CALGARY — A new report on Canada’s job market indicates 30 per cent of the country’s businesses face a skilled labour shortage, which is double the rate seen in early 2010.
And the issue is more acute in Alberta.
The report, released Monday by CIBC World Markets, also said Canada’s job market shows a growing divide between have and have not occupations.
“Obviously when you look at the occupations you can see where Alberta is missing. It’s really things that are related to the oilsands. Engineers. Heavy machinery operators. The mining industry,” said Benjamin Tal, the CIBC’s deputy chief economist. “Those kind of occupations definitely you see it in Alberta (for shortages). Also, if you look at the rate of (job) vacancies relative to unemployment, you can see it is the highest in Alberta.
“Clearly this is an issue that is slowing down the ability of Alberta to grow . . . I think that if there is a problem, clearly it is in Alberta.”
He said the survey indicating 30 per cent of Canadian businesses face a skilled labour shortage would be higher in Alberta.
The largest skill shortage was found in health-related occupations, the mining industry, advanced manufacturing and business services. Put together, those occupations account for 21 per cent of total employment in Canada.
“One-fifth of the Canadian labour market is currently showing signs of skilled labour shortage,” said Tal, adding that in Alberta it would be higher. “The average unemployment rate of this pool of occupations is just over one per cent and their wages are now rising by an average annual rate of 3.9 per cent — more than double the rate seen in the economy as a whole.
“Overall employment in this group is rising by 2.1 per cent — much faster than the speed seen in the rest of the market, but obviously not fast enough to dent the labour market skill scarcity. In this context, the recently announced government plans to admit between 53,000 and 55,000 new Canadians in 2013 through an overhauled federal skilled worker program is a welcome development. However, it’s simply not large enough to turn things around. Ditto for the increased focus on apprenticeship as a possible solution to the chronic shortage in skilled trades.

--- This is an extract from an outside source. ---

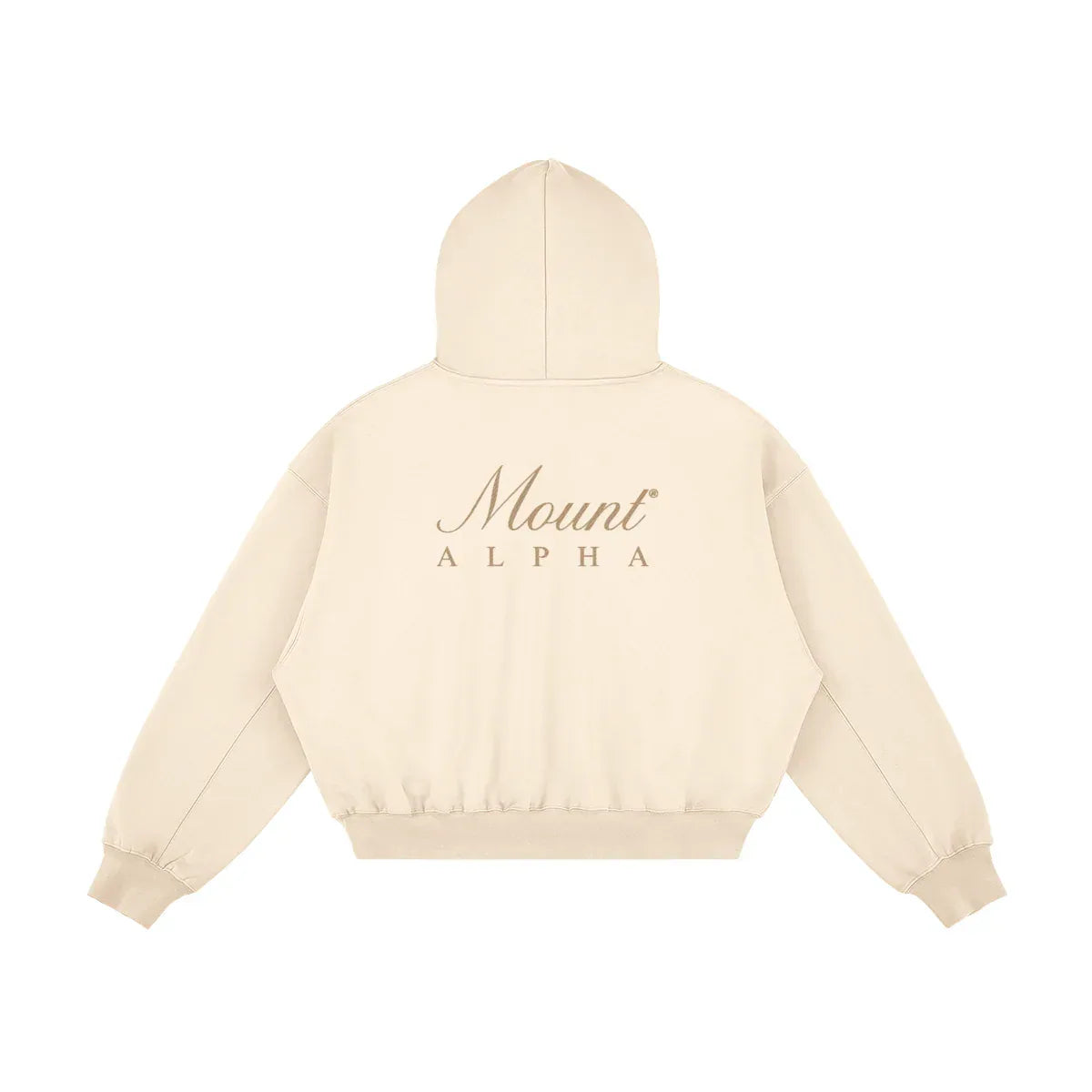Heavyweight Unisex Fleece Hoodie - Apricot/Gold - Mount Alpha Clothing®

Despite recent program improvements, the number of certificates granted to apprentices is still a fraction of the overall size of the skilled trades labour pool.”
According to a recent survey commissioned by DeVry Institute of Technology, 86 per cent of Albertans believe that a shortage of technology workers would have a negative effect on Alberta’s overall labour market and economy. Such an impact could jeopardize the province’s employment rate, which continues to be highest in the country, said DeVry.
“We’re already starting to see the impact of a skilled IT worker shortage here in Alberta,” said Jonathan Nituch, vice-president of operations at Fortress Technology Planners. “Not enough Albertans are choosing Information Technology as a career path, which is leaving unfilled employment opportunities that are critical to economic growth.”
Recently, another report, from Hays, an international recruitment consultancy and Oxford Economics, said Canada is suffering from chronic skills shortages that will simultaneously drive up job vacancies and unemployment if left unchecked. But the report also said that Canada has the necessary framework to create the next generation of Canadian talent and successfully feed the candidate pipeline and bring down unemployment.
“The skills shortage is unfortunately a fact of life for many employers but Canada has the fundamentals in place to relieve the pressure in the medium term. Our path to success relies on our will to get it done,” said Rowan O’Grady, president of Hays Canada. “It will take genuine collaboration between business leaders, academics and the government to push for a change in how we collectively approach our labour challenges.”